2017年に設計されたプロジェクトでは、ベンチ後方のプレーヤーゾーンに400席のVIPシートを設置し、88室の個室と2つのスカイボックス(大型ボックス)の追加が想定されており、1階席の総面積は合計で4,194平方メートル追加される予定であった。さらに、VIPボックスとベルリンルームの2つのプライベートエリアの3,533平方メートルと、ローマルームとゴール・ノルドルームに代わる、来賓のための共有スペース4,540平方メートルが含まれていた。

2階席のラテラルエリアには、現在同じ階のゴール裏にあるボックスを引き継いで、18個のボックスが計画されていた。詳細は未定だが、ラポルタ会長の取締役会議は、1階席部分に予定されていた全ボックスをこのラテラルエリアに集中させるための建築変更を望んでいる。

ケータリングサービスに関しては、当初のプロジェクトでは試合日に80以上の施設を想定しており、食事とマーチャンダイジング販売の両方を行う予定だった。さらに、試合日以外にも一般公開される3つのレストランをオープンすることが期待されていた。これは、毎年ミュージアムに訪れる何百万人もの人々に対応するためだ。さらなる発展やパラウ・ブラウグラナのエンターテイメント施設への転換に伴って増加することが見込まれている。

新たな計画書にはミュージアムとオフィシャルストアのアクセス排除が記載されている。両施設の入り口は、正面スタンド(トリブナ)に設置され、オフィシャルストアは2500平方メートル、ミュージアムは3000平方メートルとなる予定。また、ホール・オブ・フェイムやeスポーツのプロモーションのためのエリアも用意される。この2つの要素をなくすことで、バルサはアクティビティエリア、子ども向けのエリア、噴水、ビジターや近隣住民のためのレジャーエリアを備えた、ミーティングスペースを作ることができる。

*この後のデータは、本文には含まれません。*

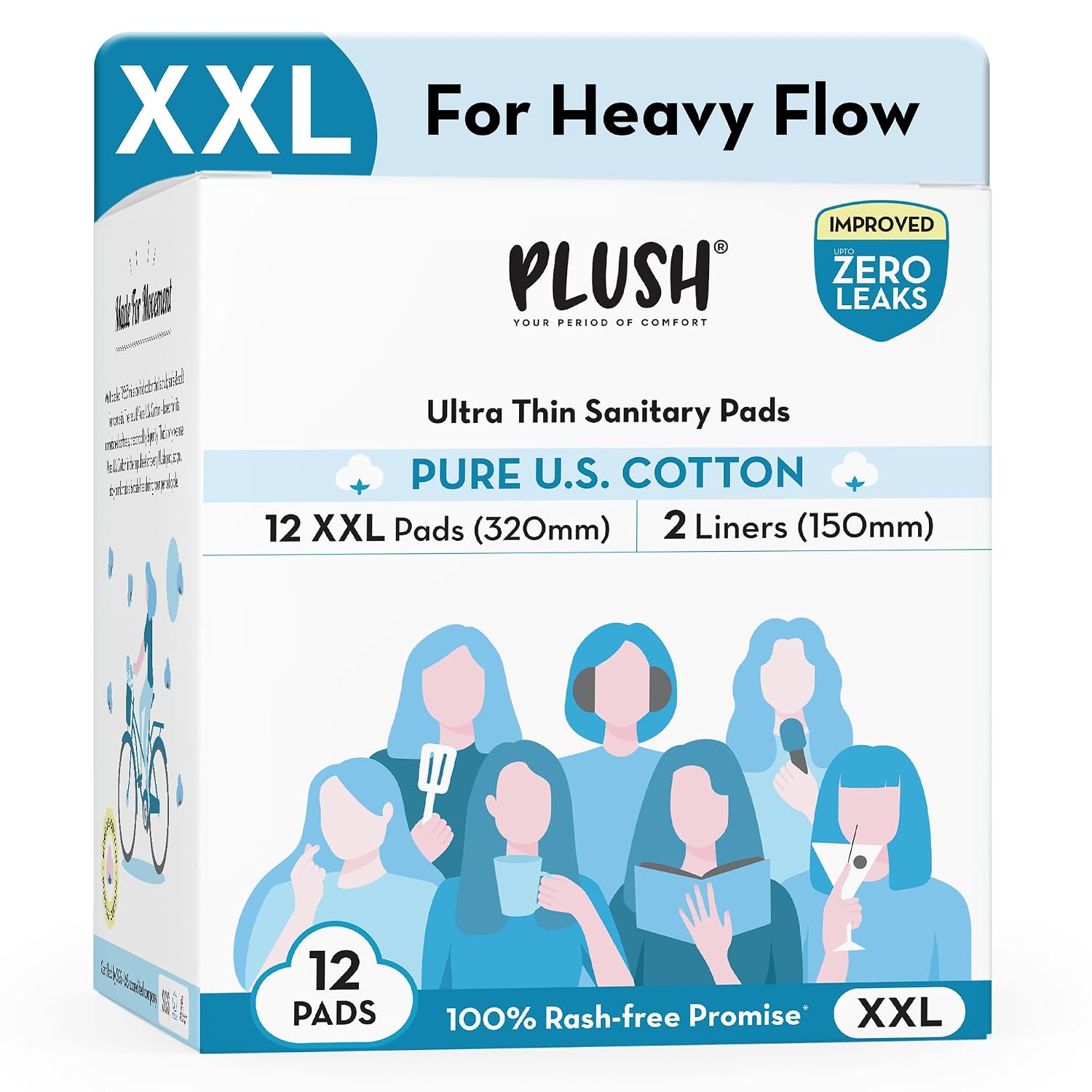 Plush Ultra-Thin Sanitary Napkins for Women, 12 Pcs | Super Absorbent Heavy Flow XXL Pads + 2 Panty Liners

スタジアムの屋根は、前回のプロジェクトとは異なり、地熱システムを取り入れる。また、3万平方メートルのソーラーパネルを設置し、太陽光発電も行う。また、自転車の利用が促進されるものの、2,200台分の駐車スペースは維持され、その一部は電気自動車用に確保される。

技術面でいうと、未来のカンプノウはスタジアム内に360度スクリーンを設置してファンに新たな体験を提供したり、セキュリティシステムや車両の出入り管理を改善したり、5G接続がもたらす可能性を最大限に活用するなど、市場の最新テクノロジーを取り入れたスタジアムになるだろう。